Porque a violência doméstica e outros tipos de violência contra a mulher ainda são temas discutidos atualmente?
Um tema recorrente em publicações
cientifica e também em diversos meios midiáticos, a violência contra mulher
continua seguindo em destaque na atualidade. Essa forma de violência é fruto de uma construção de décadas e que
continua a deixar suas marcas no século XXI. O ciclo da violência parece não
ter um fim e quando o país avança através de Leis e politicas públicas voltadas
ao combate desse tipo de violência, maiores são os números de vítimas,
principalmente nos dois últimos anos, período da pandemia do novo Corona vírus
(COVID 19). O contexto de pandemia levou muitas mulheres a permanecerem em casa
e com isso mais frequentemente com seus agressores.
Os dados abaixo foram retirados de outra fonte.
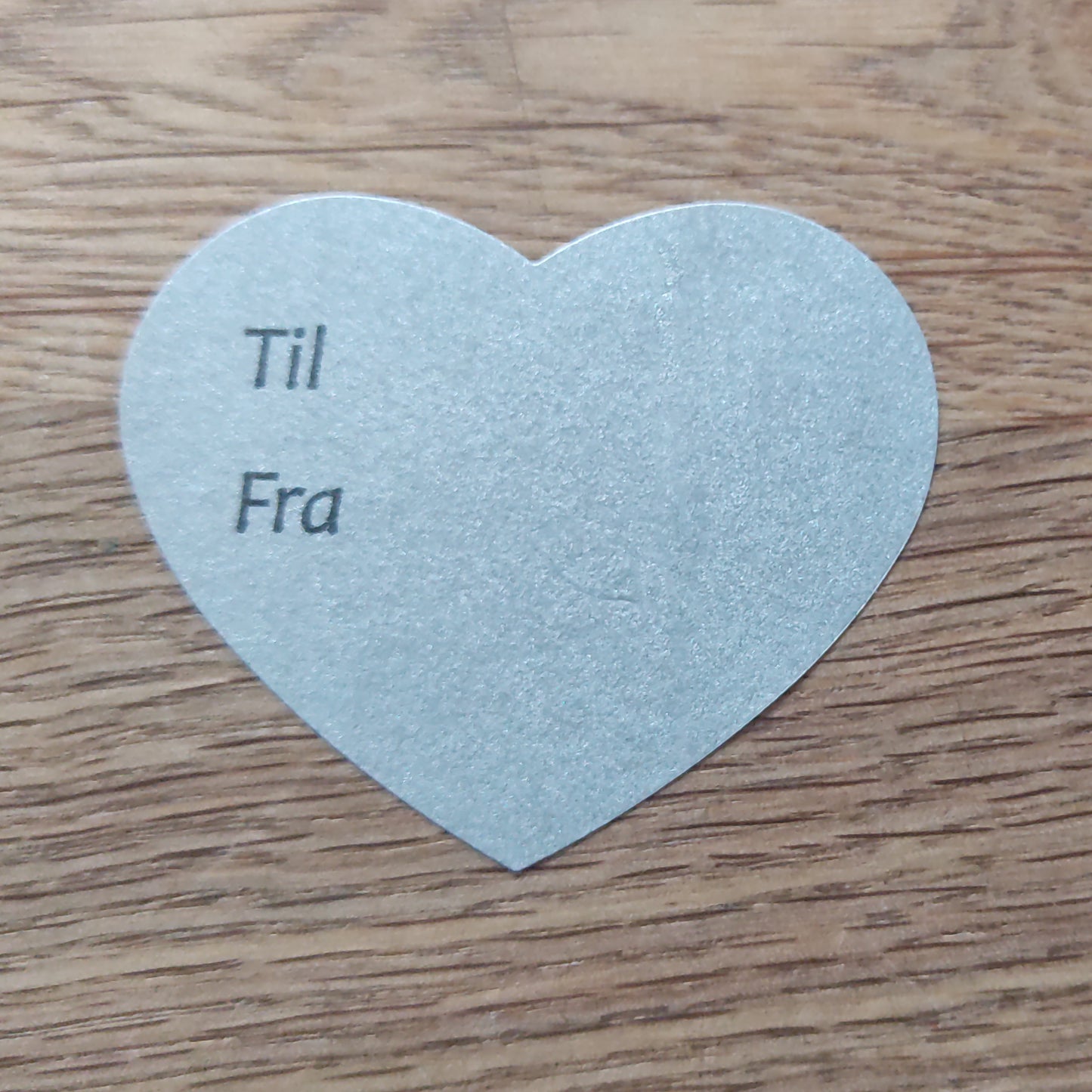 Gift Tag - Heart Silver (Danish)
A figura feminina, em momentos
históricos anteriores ao contexto recente, sofriam restrições como falta do
poder de decisão sobre casamento, trabalho ou qualquer outro tipo de liberdade,
incluindo sobre o próprio corpo.
Oprimidas por questões relacionadas à sexualidade, privadas do direito a
herança em algumas sociedades antigas e, sobretudo de outros direitos como
voto, trabalho, foram por muito tempo e em diversas culturas consideradas
incapaz de tomarem decisões pessoais.
E foi dentro desse contexto de
desigualdade que homens e mulheres foram assumindo papéis diferentes dentro da
sociedade, em que a mulher deveria se preparar para cuidar da casa e dos filhos
e o trabalho externo seria de responsabilidade masculina. Essa desigualdade de gênero construída há
séculos e perpetuada por gerações e tornou-se o principal combustível que
alimenta a violência doméstica. Alguns homens, criados dentro da visão
patriarcal e machistas, ignora direitos e liberdade adquiridos pelas mulheres
ao longo de muitas lutas. Liberdade que mulheres ganharam de se vestir, de
saírem de casa e exercerem uma atividade profissional, de tomarem decisões
individualmente e de forma coletiva.
A temática da violência doméstica
continua sendo pauta de destaque, sobretudo devido a uma série de fatores
ligados principalmente à cultura no qual toda sociedade está inserida. Uma
cultura de opressão as escolhas das mulheres, a liberdade e ao poder de decidir,
poder esse conquistado ao longo de muitas lutas. As Leis existentes em nosso ordenamento
jurídico, como a Lei Maria da Penha (Lei n° 11.340/2006) e Lei 13.104/2015 (Lei
do Feminicídio) são instrumentos, assim como outros, que desde sua origem
buscam combater a impunidade as práticas de violência que ainda são
disseminadas em nossa sociedade.
Para que o tema violência
doméstica deixe de ser pauta central em muitas discussões, é preciso construir
hoje o alicerce entre as atuais e futuras gerações, para que cresçam
respeitando as mulheres como sujeitos históricos e detentores de direitos
individuais e coletivos. Formação de uma cultura que não reproduza mais
o machismo tem que iniciar nas casas, nas escolas, nas instituições públicas e
privadas e nos mais diversos espações coletivos e que o publico seja capaz de
entender a importância dessa transformação.